● **YOUR ASSIGNMENT**: Everything in the records below from the line containing "Now represent 1.6̄" through the line containing "Good afternoon and" is to be reproduced exactly, those two lines included; no picture is to be copied.

------------------------------------

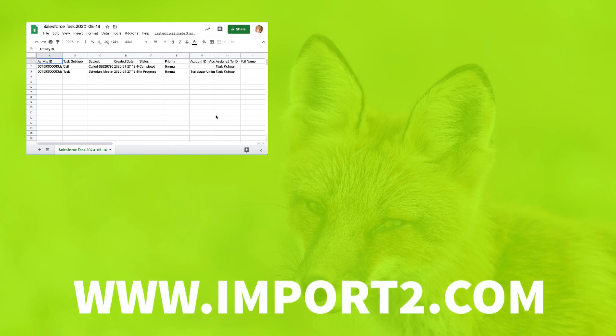Make sure to subscribe to get notified when we publish new videos on export and import for Business Data.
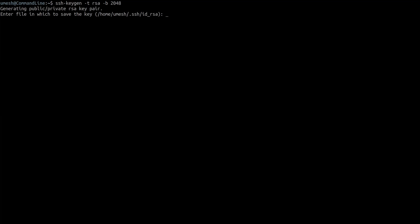It's asking me where I want to save the public key, private key pair. I'll leave it to the default, which is inside my home directory, .ssh folder. It's asking me to enter the passphrase to protect the private key. I highly recommend you to do that because you have to keep your private key secret and you can share the public key. Public-private key pairs only work when private key is only with you and nobody else.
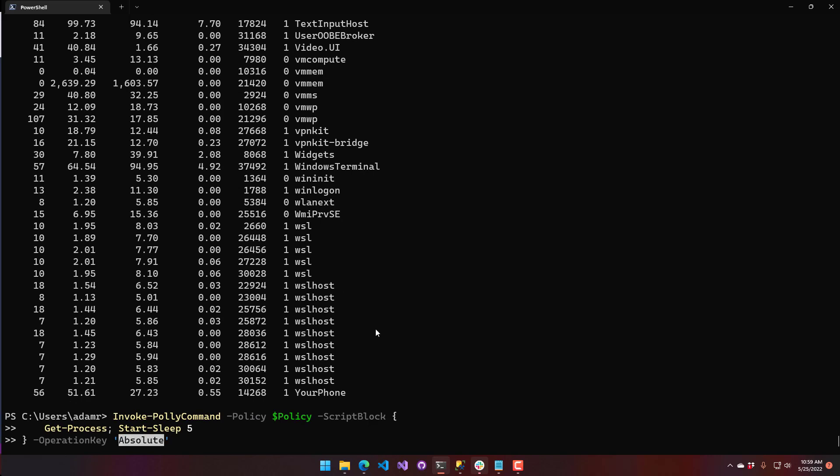The other caching policy is a sliding cache, which means the cache expiration continues to slide as long as you keep accessing it. Once you don't access it for a while, the cache will eventually expire and invalidate.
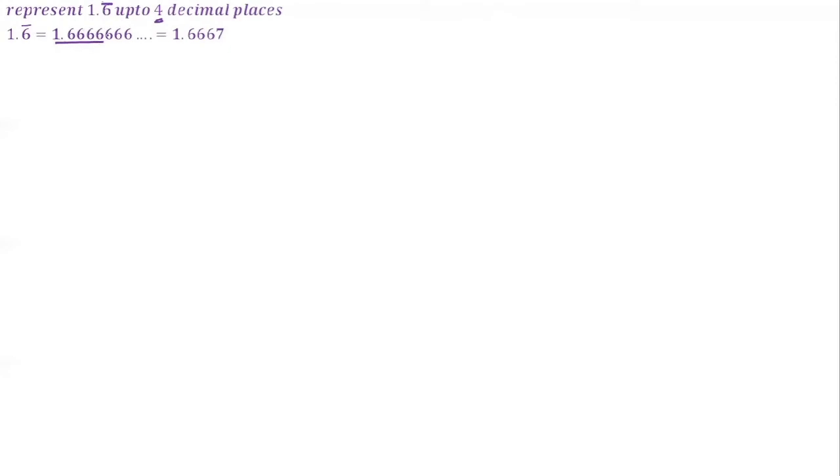Now represent 1.6̄ up to 4 decimal places. It is a non-terminating recurring decimal expansion. 1.6̄ is equal to 1.6666... and it goes on — it is never ending. We have to approximate it to 4 decimal places: underline the 4 decimal places, it is 1.6666. Look at the digit after the 4th place — it is 6, which is more than 5, so it is approximated to 1.6667.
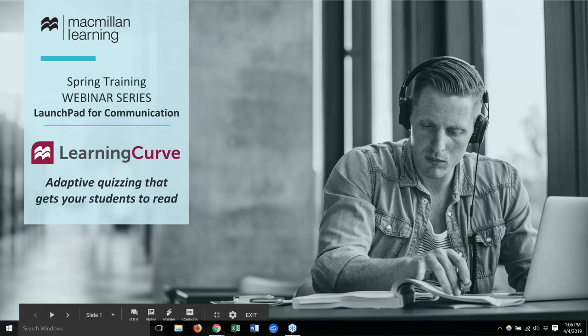Good afternoon and welcome. My name is Amy Haynes and I am the Marketing Manager for Communication Products here at Macmillan Learning. I'm joined today by my colleague Heather Halter-Timball, who is our Learning Solutions Specialist for Communication, and she will be doing all of the heavy lifting today.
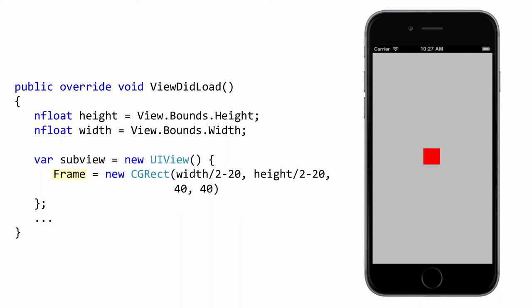But when you are overriding methods inside the view itself, you should always prefer the bounds property. For example, this would be the property we would want to consult if we were overriding the rendering logic for a view to create a custom control. Here you can see we are using bounds to get the superview height and width to decide how to position the subview.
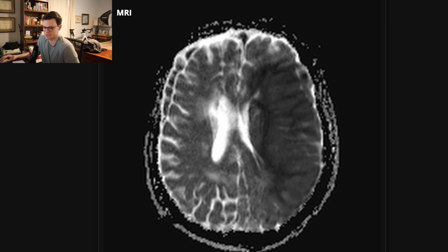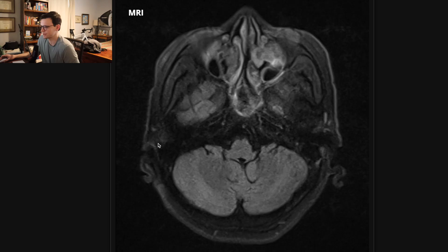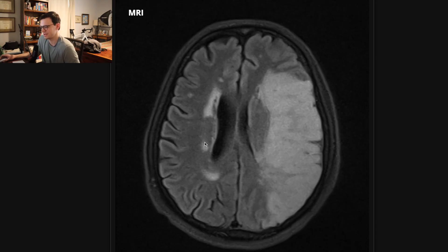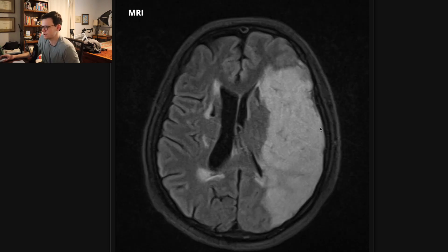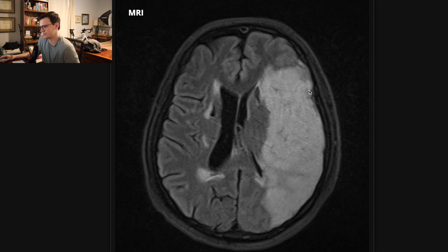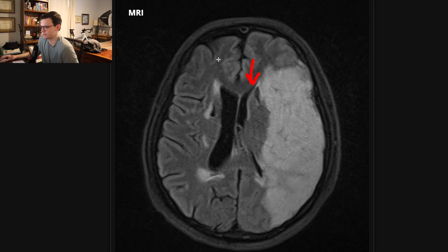You can also see strokes on other sequences. FLAIR is also a good sequence to look at — it's a T2-weighted sequence where you suppress the CSF. Notice there is gyral swelling, meaning the brain is swollen; you can't really see the sulci like you can on the other side. You can also tell the brain is swollen because the left lateral ventricle is compressed compared to the right lateral ventricle, which is much more normal in caliber. All that swelling is causing mass effect on the ventricle, compressing it.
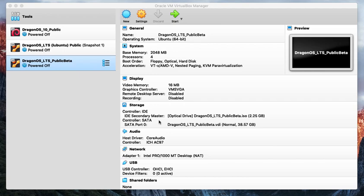In this video, we're going to install DragonOS LTS. This is a pretty big change moving forward from the Debian DragonOS 10 build.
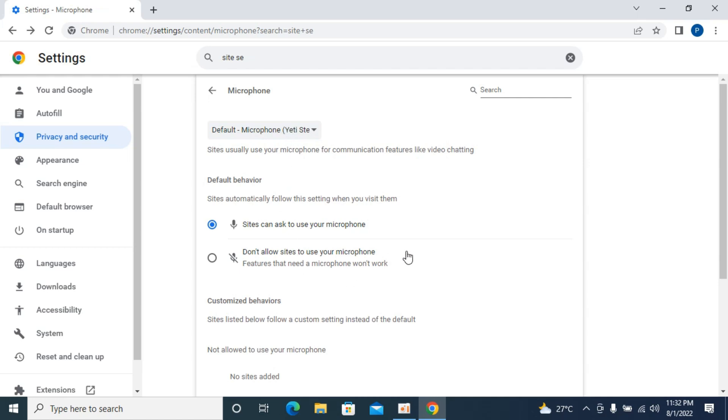If you do these three settings, your microphone problem should be solved. In any case, if you are not able to resolve that issue, comment down below. Hope it has helped you, but before you go, please like, subscribe and share. Thank you.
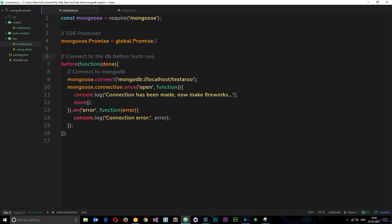So now we've implemented this ES6 promise interface right here. We've also added this before hook which says to Mocha, hey, wait until the connection has been made before you start running those tests. So we've done that as well.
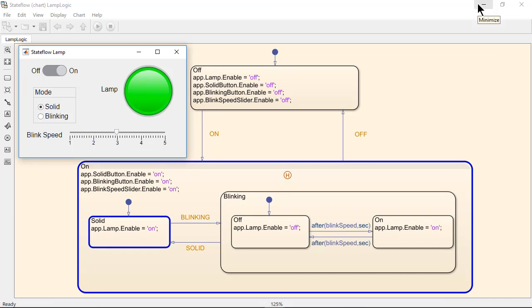The lamp has two modes of operation: solid, which it is in now, and blinking. Selecting the blinking mode causes the lamp to start to blink.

------------------------------------

● **WRITTEN RESPONSE**:
Now represent 1.6̄ up to 4 decimal places. It is a non-terminating recurring decimal expansion. 1.6̄ is equal to 1.6666... and it goes on — it is never ending. We have to approximate it to 4 decimal places: underline the 4 decimal places, it is 1.6666. Look at the digit after the 4th place — it is 6, which is more than 5, so it is approximated to 1.6667.
Good afternoon and welcome. My name is Amy Haynes and I am the Marketing Manager for Communication Products here at Macmillan Learning. I'm joined today by my colleague Heather Halter-Timball, who is our Learning Solutions Specialist for Communication, and she will be doing all of the heavy lifting today.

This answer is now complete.